My idea of good company is the company of clever, well-informed people who have a great deal of conversation; that is what I call good company.
–Jane Austen
And what a good company of clever, well-informed people we have for SUNY Plattsburgh’s bicentenary celebration, “Jane Austen & the Arts”!  Below is a list of speakers and tentative titles.  The order of speakers is purely alphabetical; it does not reflect the sequence of speakers in the program itself.  A formal program, including the student papers slotted for Thursday 3/23, will be posted after mid-November.

 

  • Elaine Bander (Dawson College, CA), “Austen’s ‘Artless’ Heroines: Catherine and Fanny”
  • Barbara Benedict (Trinity College, CT), “‘What Oft was Thought’: Wit, Conversation, Poetry and Pope in Jane Austen’s Works”
  • Natasha Duquette (Tyndale University College, CA), “‘A Very Pretty Amber Cross’: Material Sources of Austenian Aesthetics”
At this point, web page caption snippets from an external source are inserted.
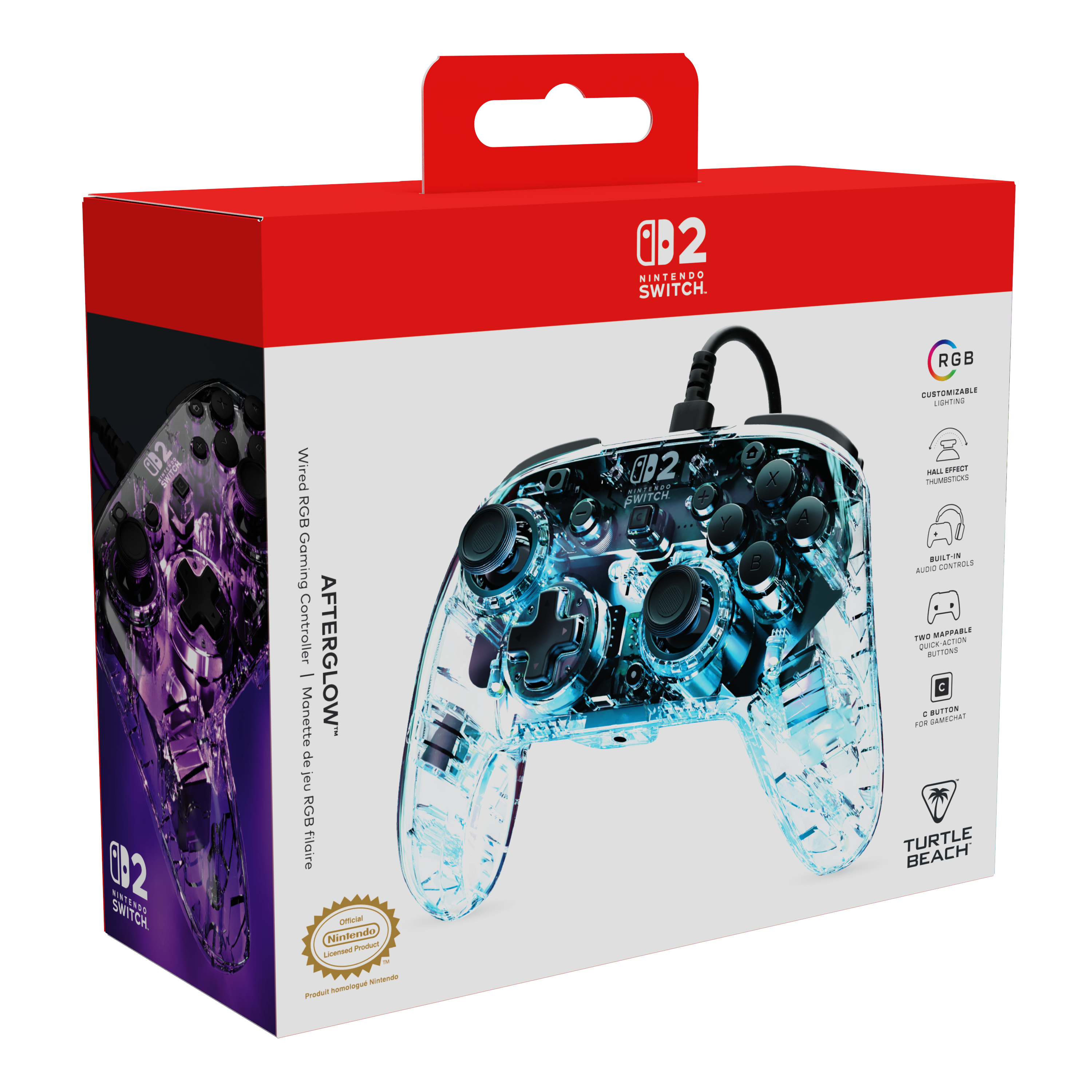 Turtle Beach Afterglow Clear Wired RGB Gaming Controller. Officially licensed Nintendo for Nintendo Switch 2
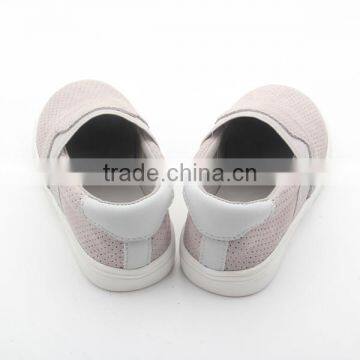Flat Sole Kids Grey Hole Leather Baby Fashion Shoes photo-4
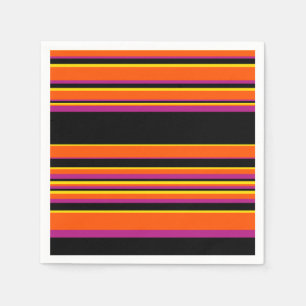Complex Stripes - Black, Pink, Orange and Yellow Napkin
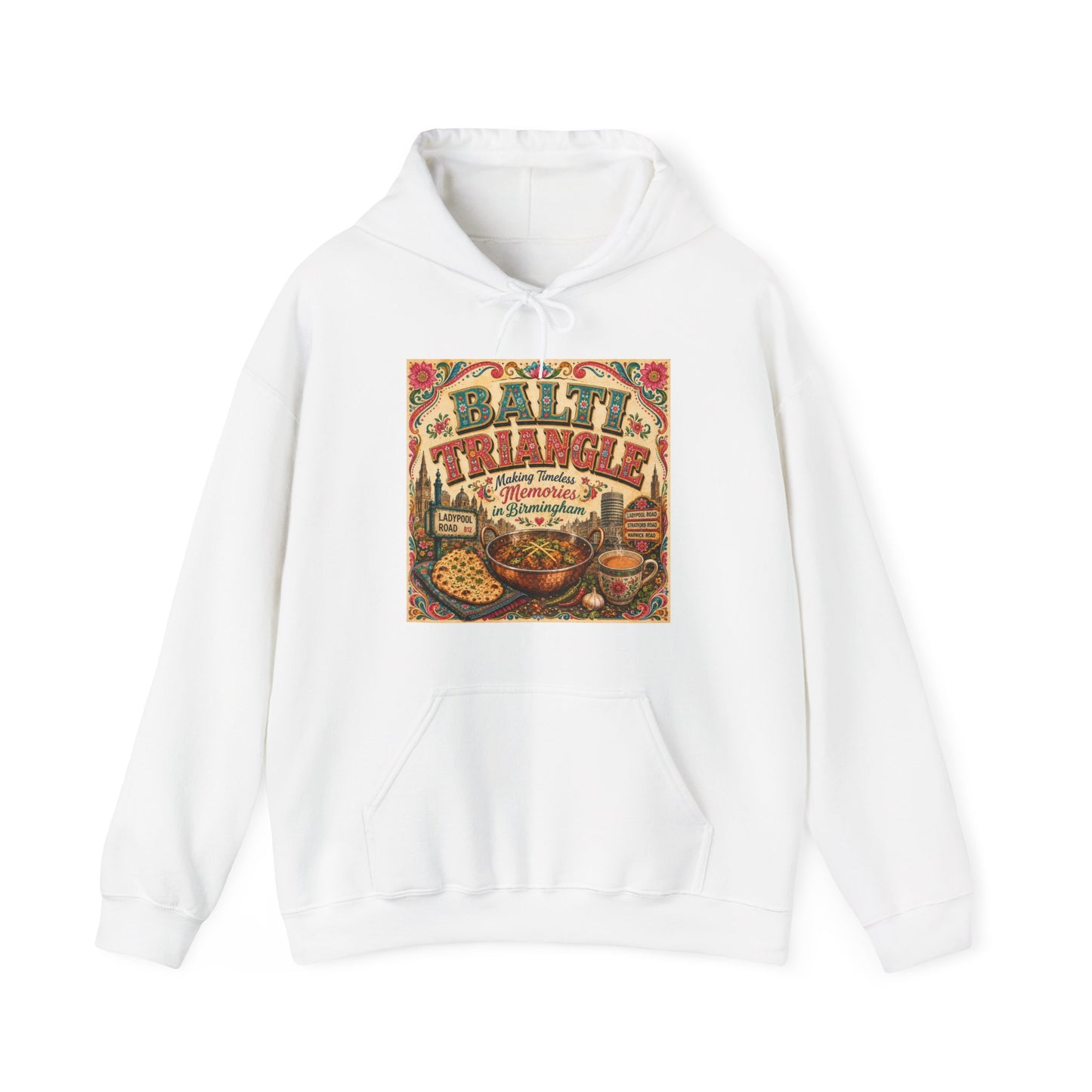 Baltimore Charm Hoodie - 'Balti Triangle' Vintage Food Poster Sweatshirt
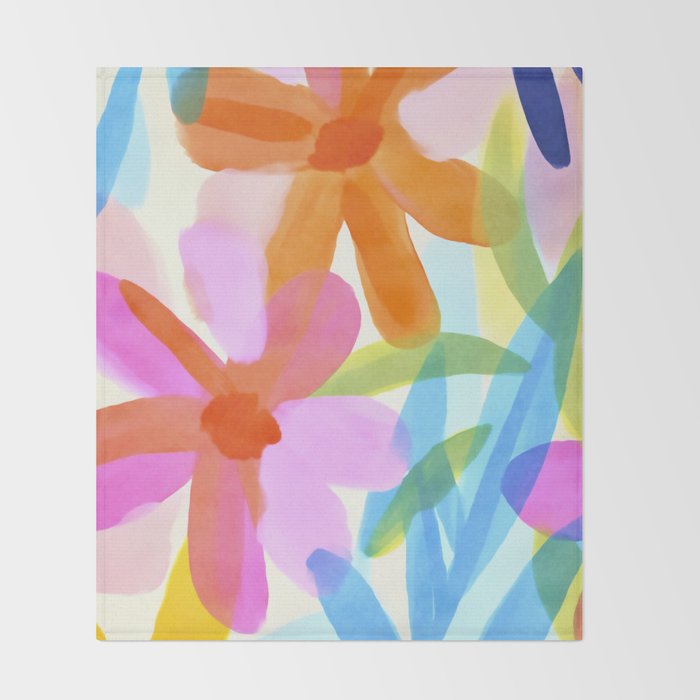 Sunny Day Bold Abstract Florals Multicolor Cheerful Summer Pattern Throw Blanket Gallery Image 2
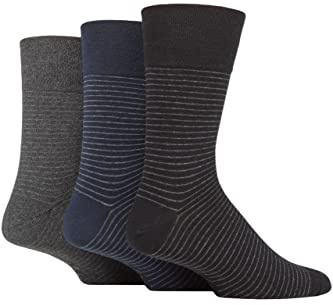 SockShop Gentle Grip Mens Striped Socks Patterned Stripey, Soft Honeycomb Top Comfort Cuff, 6-11 Pack of 3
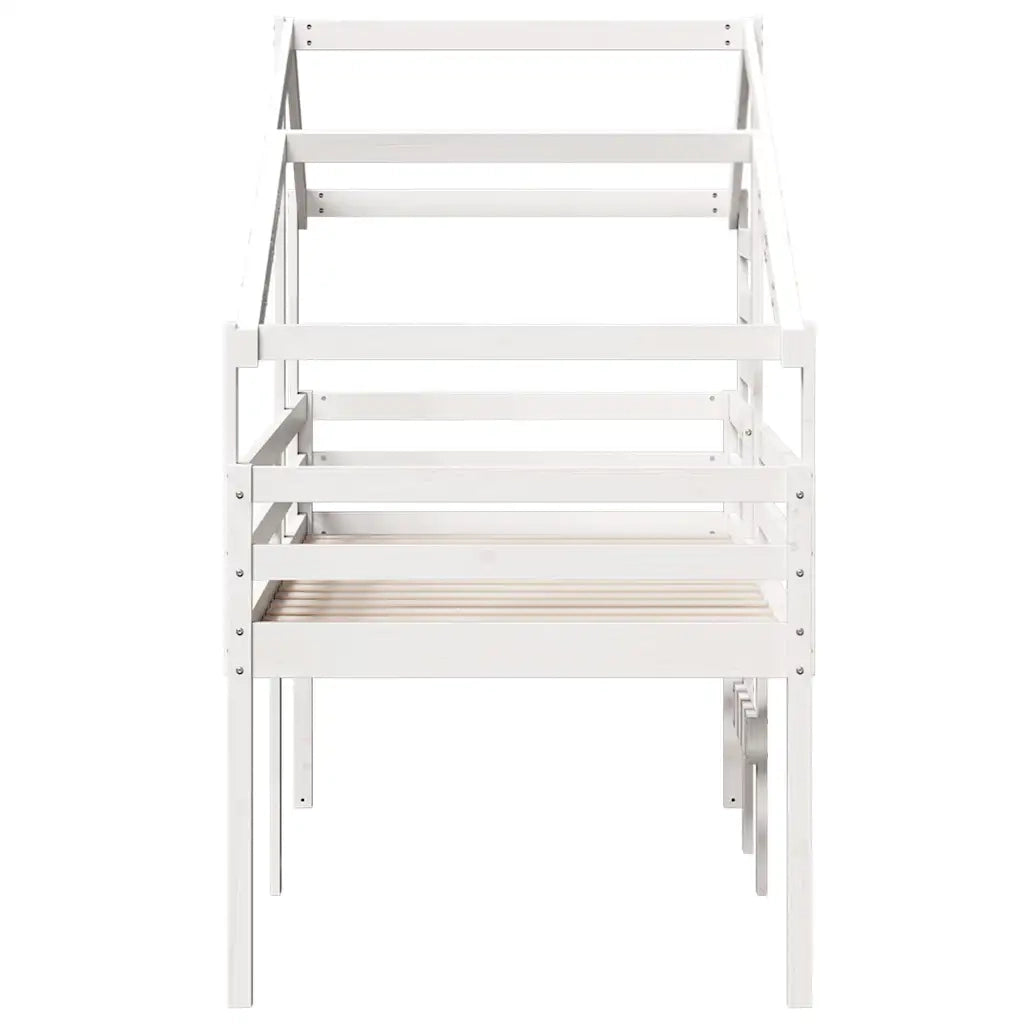 Letto singolo | Letto per adulti | Letto a Soppalco con Tetto Bianco 90x200 cm in Legno di Pino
  • Tim Erwin (UNLV), “The Comic Visions of Emma Woodhouse”
  • Marilyn Francus (West Virginia University), “Jane Austen, Marginalia, and Book Culture”
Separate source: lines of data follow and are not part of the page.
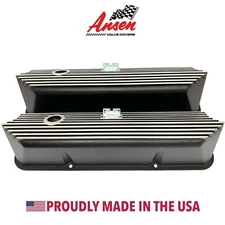Ford FE All Finned Tall Black Valve Covers - Die-Cast Aluminum - Ansen USA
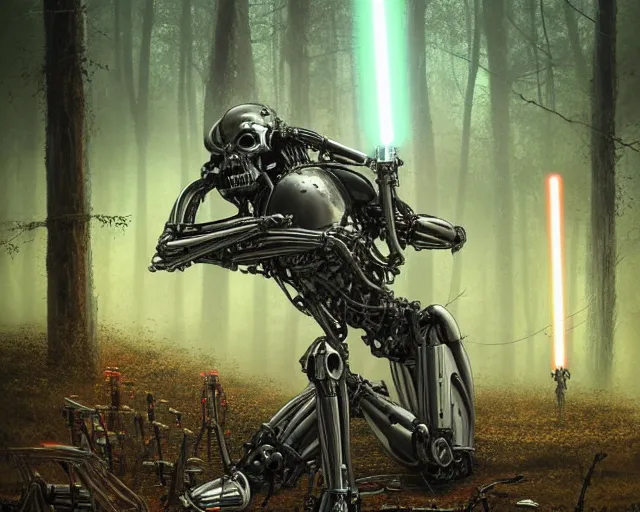 Prompt: photo of a terminator general grievous with heavy duty biomechanical hydraulic cybernetic body and 4 drawn lightsabers in the forest. cyberpunk horror style. highly detailed 8 k. intricate. nikon d 8 5 0 5 5 mm. award winning photography. art by hr giger and zdzislaw beksinski in the style of hzd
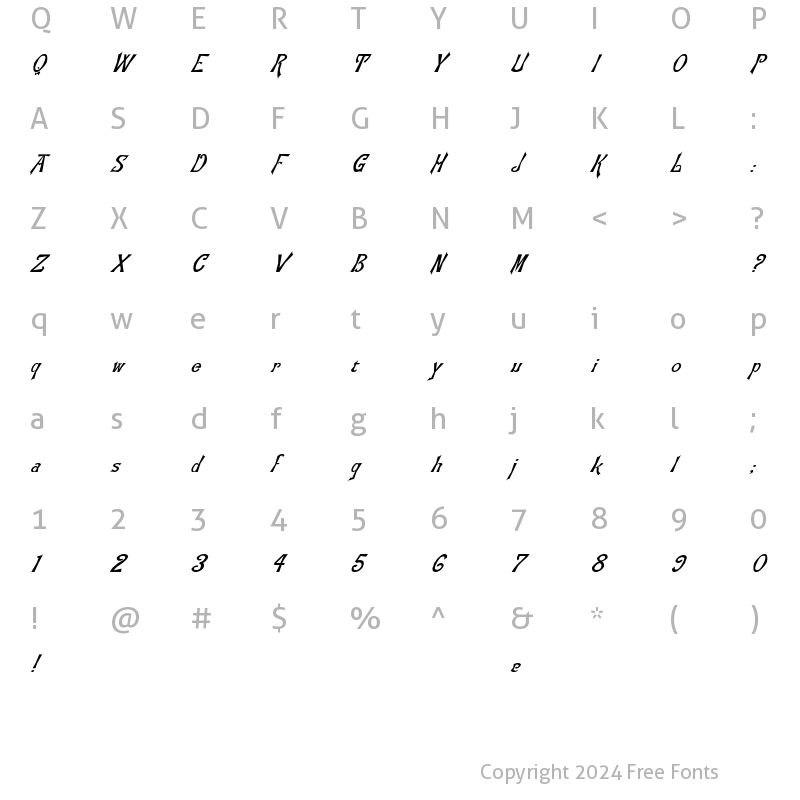 Character Map of Flemish-Italic Regular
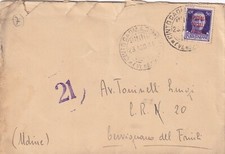 14205-RSI, SOPRASTAMPA ROSSA SU 50 cent. IMPERIALE, DA Cinto Caomaggiore, 1944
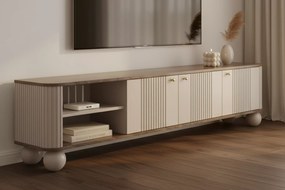 TV stolík Vesper 3D 187 cm - kašmír / orech / zlaté úchytky / guľaté nohy
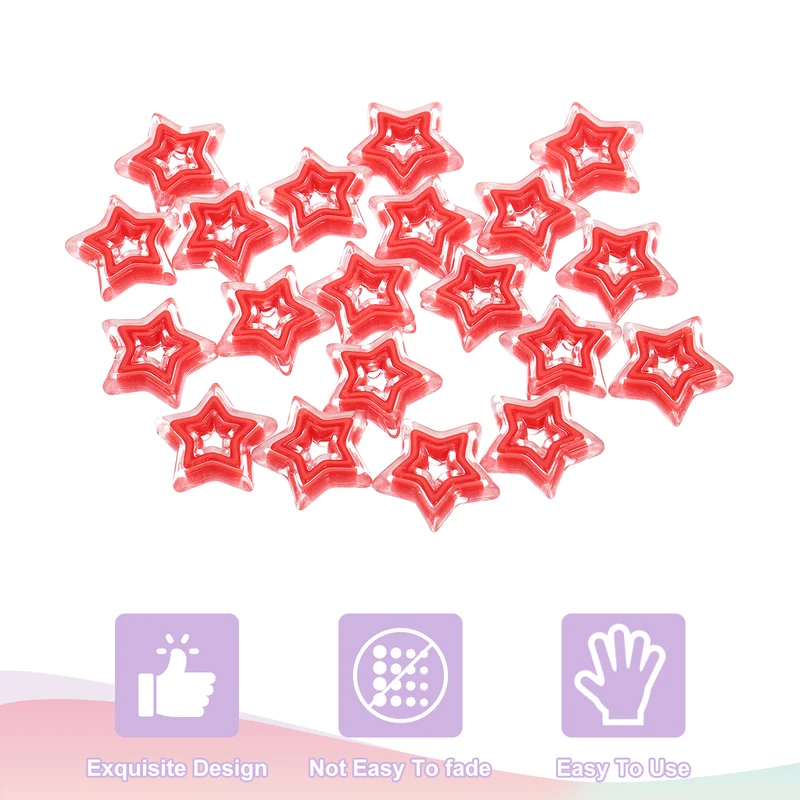 20Pcs Hollow Star Shaped Beads, 22x6mm Acrylic Star Bulk Beads (Red)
  • Marcie Frank (Concordia University), “Imagining Theater in Mansfield Park”
  • Hope Greenberg (University of Vermont), “Jane Austen and the Art of Fashion”
  • Jocelyn Harris (University of Otago, NZ), “What Jane Saw–in Henrietta Street”
  • John Havard (Binghamton University), “Jane Austen and Woody Allen”
  • Jacqueline George (SUNY New Paltz), “Motion Sickness: The Fate of Reading in ‘Modern’ Sanditon”
  • Nancy E. Johnson (SUNY New Paltz), “Jane Austen and the Art of Law”
  • John Leffel (SUNY Cortland), “The Art of Speculation in Austen’s Sanditon”
  • Ellen Moody (George Mason University), “Ekphrastic Patterns in Jane Austen”
  • Tonay J. Moutray (Russell Sage Colleges, NY), “Religious Views: Austen’s Picturesque and Sublime Abbeys”
  • Douglas Murray (Belmont University, TN), “Jane Austen Goes to the Opera”
  • Cheryl Nixon (University of Massachusetts), “Jane Austen and Family Law”
  • John O’Neill (Hamilton College), “Adaptation, Appropriation, and Intertextuality in Whit Stillman’s Love and Friendship”
  • Deborah C. Payne (American University), “Jane Austen and the Theatre? Perhaps Not So Much”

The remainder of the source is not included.